RECORD EXTRACTS START

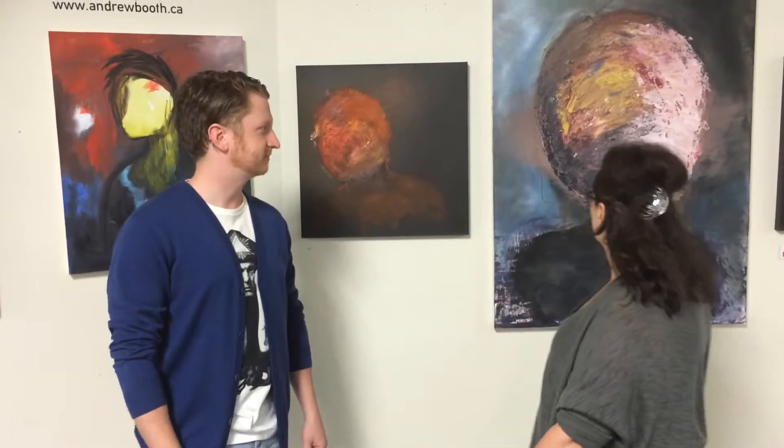Hi, it's Jen from Rome Gallery. We're just coming to the end of the show but we had Andrew Booth in the gallery this month for September. Andrew is a new upcoming artist, and this is some of his work.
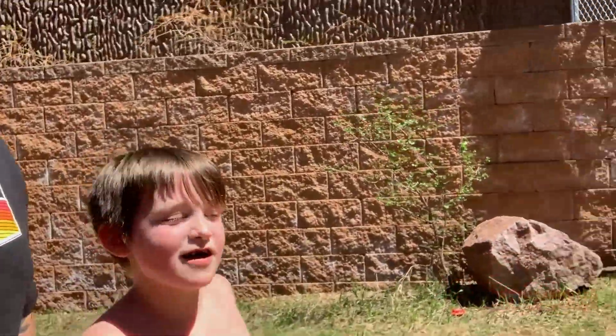We've hiked up maybe a mile or so on this trail in Green Mountain Falls. Jackson's going to have a six pack when we're done. It was a steep climb, but we got it. We're finally up to the waterfall.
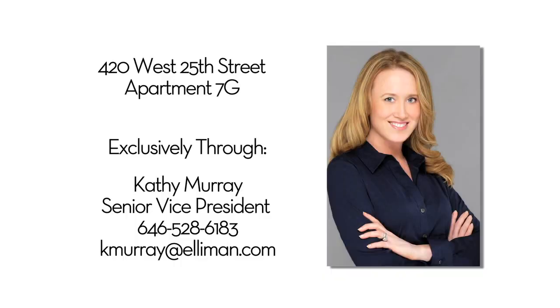Thank you for viewing this exceptional and unique home with me. For more information, please contact me directly anytime.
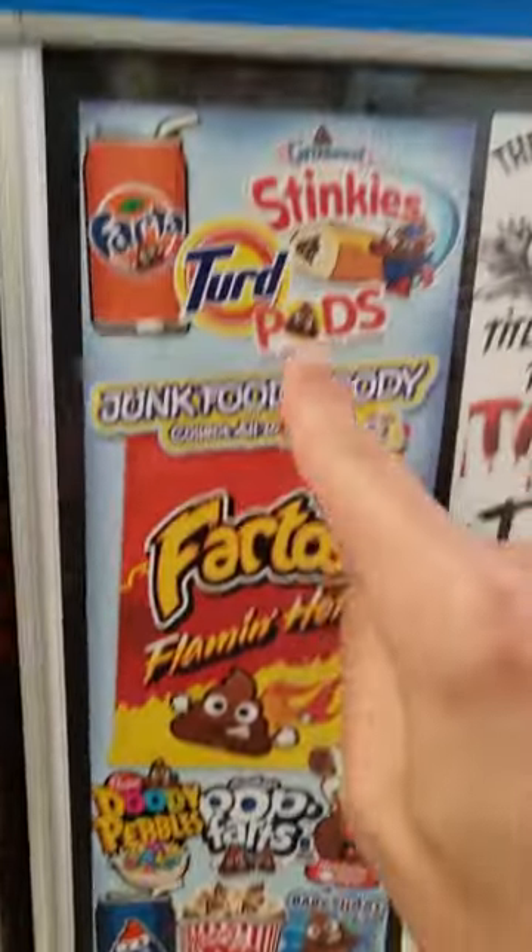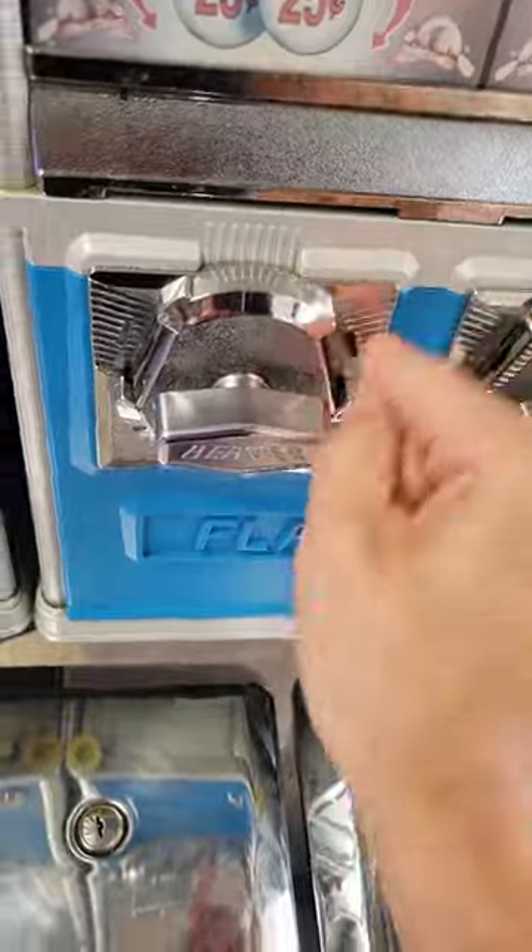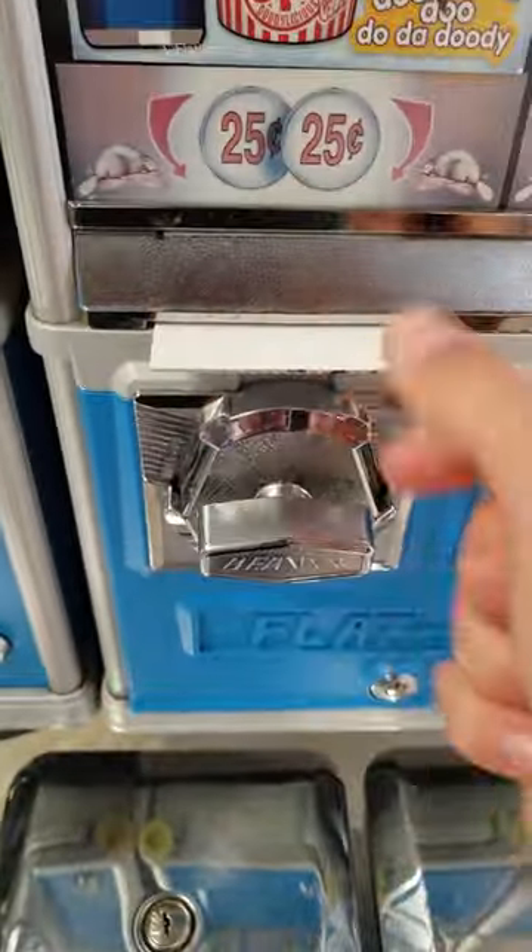I'm halfway there to collecting all 10 weird stickers from the vending machine, and I'm putting them in random places. Hopefully we get a new one today. I put my moolah in, turned the dowel, and out came the ham turder helper.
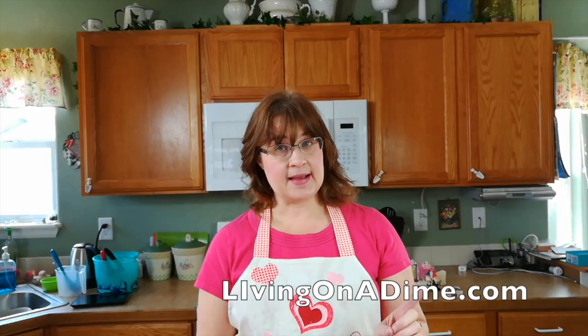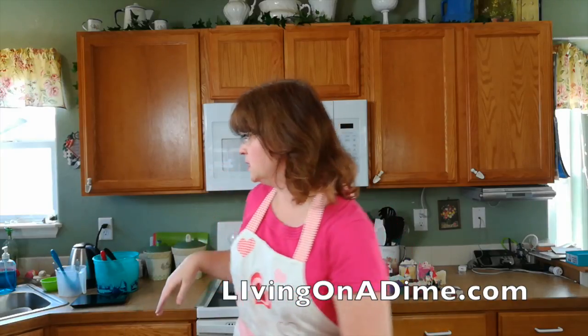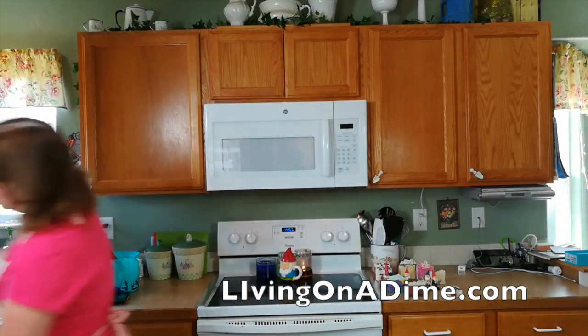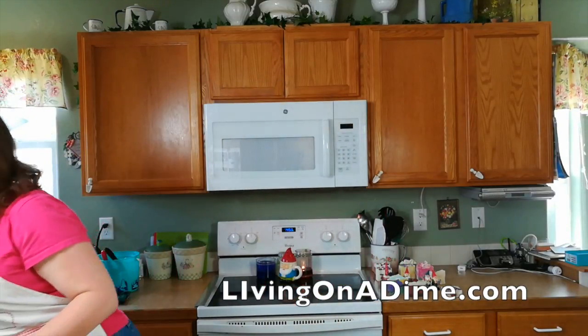I get my lard at Walmart in the great big tubs. I get my coconut oil currently at Big Lots — I don't know how long that's going to last, but right now they have these large jugs for $12, so that's a super, super good deal.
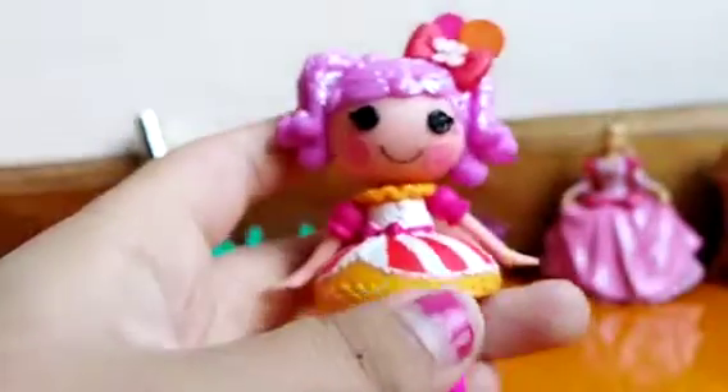And she's so cute. She has a star on her face. See? Right there. Cute. And she's in this beautiful, beautiful dress. And it's like peanut butter. This is why her name is Peanut Big Top.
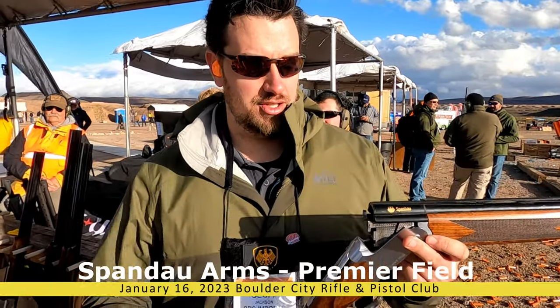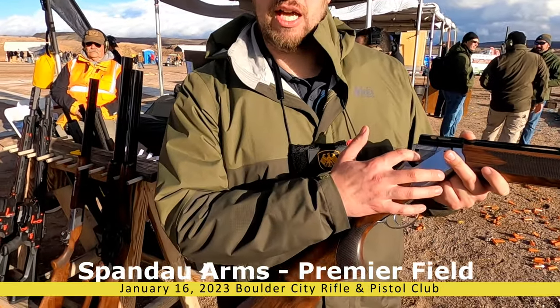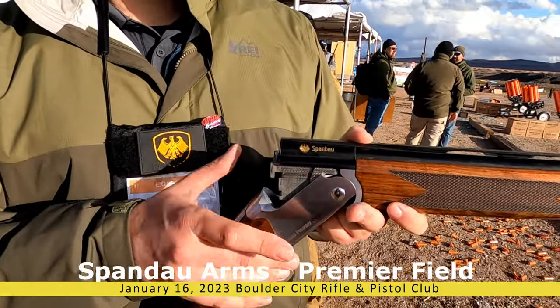This just launched today. This is a 28-inch model. You get Turkish walnut, steel receivers, jeweled action, and a Browning box lock style action.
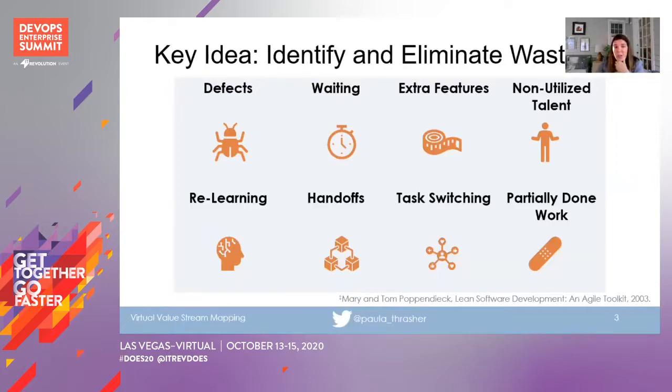The next idea is the purpose: to identify and eliminate waste. This comes from lean manufacturing, but in a software world waste takes a different form. Credit here to Mary and Tom Poppendieck who came up with this concept almost two decades ago. Waste in software includes things like defects, waiting, building extra features, relearning, having lots of handoffs, task switching, and so on and so forth. I won't go into detail about each of these, but I'll provide some examples in the Slack channel.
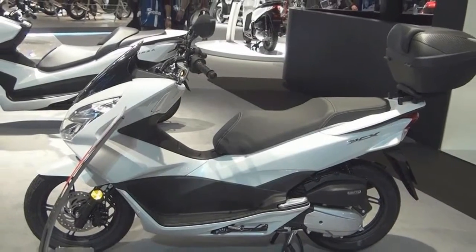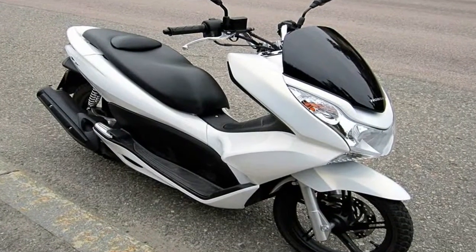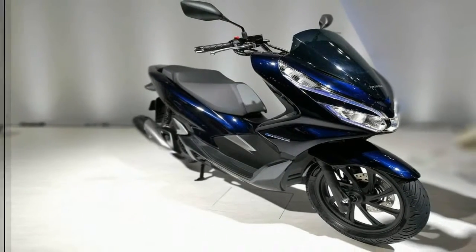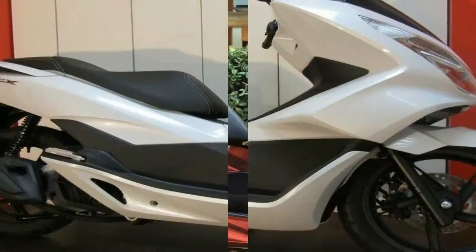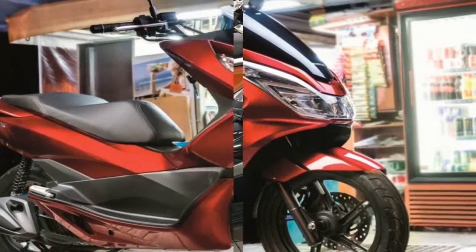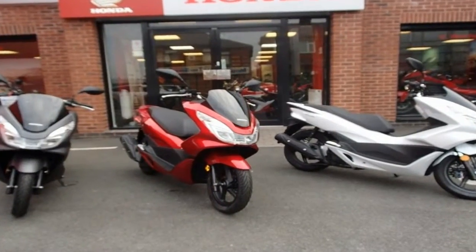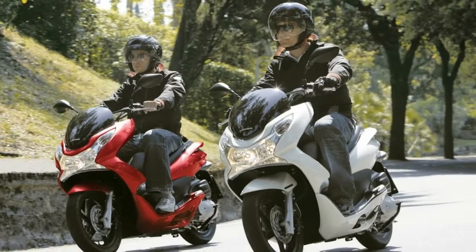I haven't seen MSRP as of this writing and I doubt it will come to the US market anyway. The new PCX150 runs $3,700 without ABS and $4,000 with it, so I'd guess a little less than that comparatively speaking, considering the currency exchange.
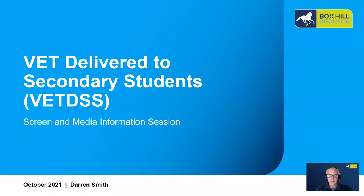Hi everyone, welcome to the VETUS Screen and Media Information Session. My name is Darren Smith, I'm the Coordinator of the Design Courses at Boxhill Institute.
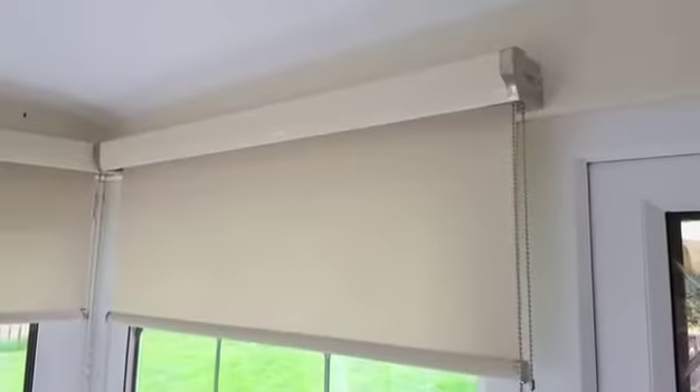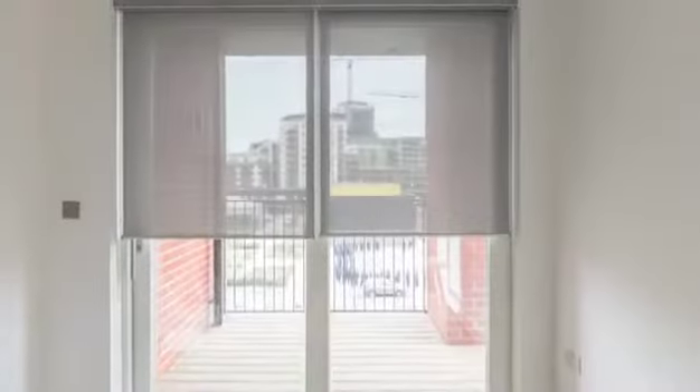All components can be color coordinated with matching mechanisms and chain. Motorized versions in Roller Blinds are available for added ease of use and better movement control.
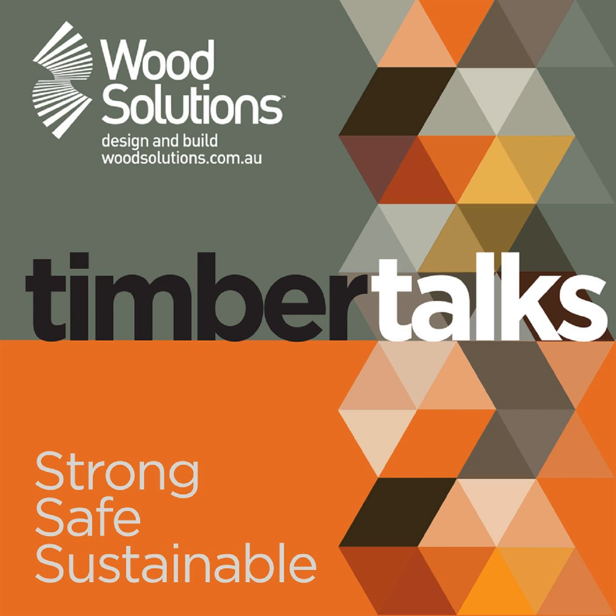If you haven't been there already, I recommend checking out the Wood Solutions website — the most visited website in the world on wood, with over 4,000 pages of content. If you have questions or want to upskill, that's the place to go.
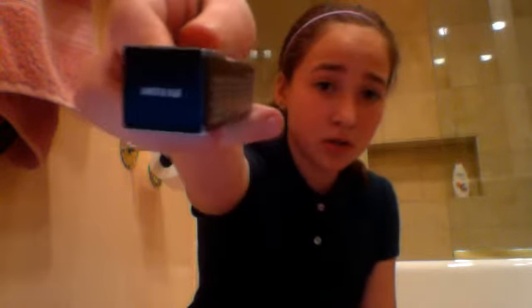So that's really it. Here it is again: a MAC lipstick in Cosmo, MAC blush in Pink Swoon, a MAC lip glass in Underage, and then a MAC eyeshadow in Beautiful Iris.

RECORD EXTRACTS END

### EXERCISE GOAL
Starting at the first line of the records and stopping after the line with "I'm halfway there", copy each line exactly; pictures stay out.

### RESULT FOR THIS TASK
Hi, it's Jen from Rome Gallery. We're just coming to the end of the show but we had Andrew Booth in the gallery this month for September. Andrew is a new upcoming artist, and this is some of his work.
We've hiked up maybe a mile or so on this trail in Green Mountain Falls. Jackson's going to have a six pack when we're done. It was a steep climb, but we got it. We're finally up to the waterfall.
Thank you for viewing this exceptional and unique home with me. For more information, please contact me directly anytime.
I'm halfway there to collecting all 10 weird stickers from the vending machine, and I'm putting them in random places. Hopefully we get a new one today. I put my moolah in, turned the dowel, and out came the ham turder helper.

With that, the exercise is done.